◆ About this exercise ◆
Of all the lines in the entries below, give again exactly those starting at the line containing "Rota Seal 24000" and ending at the line containing "Tričko model 228679 Rue Paris", both ends included, and no others.

◆ Available data ◆
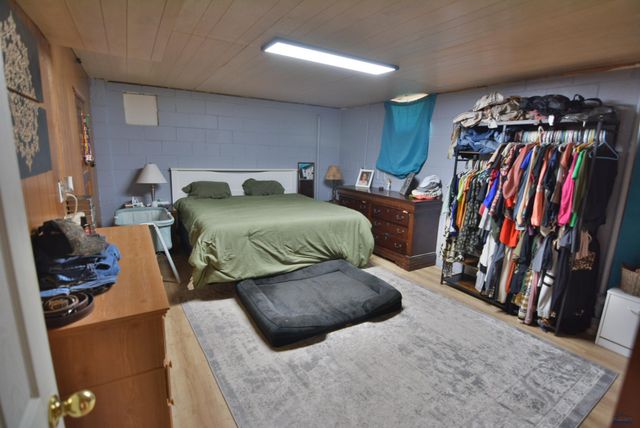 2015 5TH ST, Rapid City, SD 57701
--
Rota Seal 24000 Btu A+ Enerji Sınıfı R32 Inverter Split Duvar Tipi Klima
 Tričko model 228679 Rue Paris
--
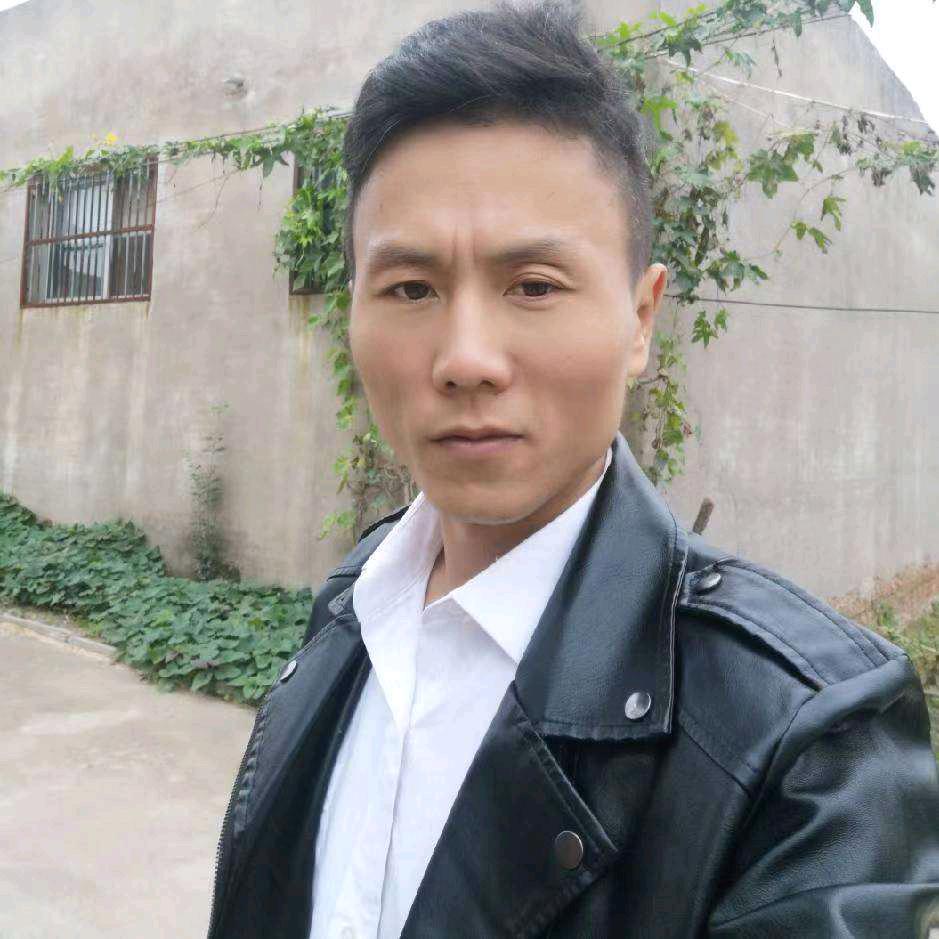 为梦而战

◆ Task solution ◆
Rota Seal 24000 Btu A+ Enerji Sınıfı R32 Inverter Split Duvar Tipi Klima
 Tričko model 228679 Rue Paris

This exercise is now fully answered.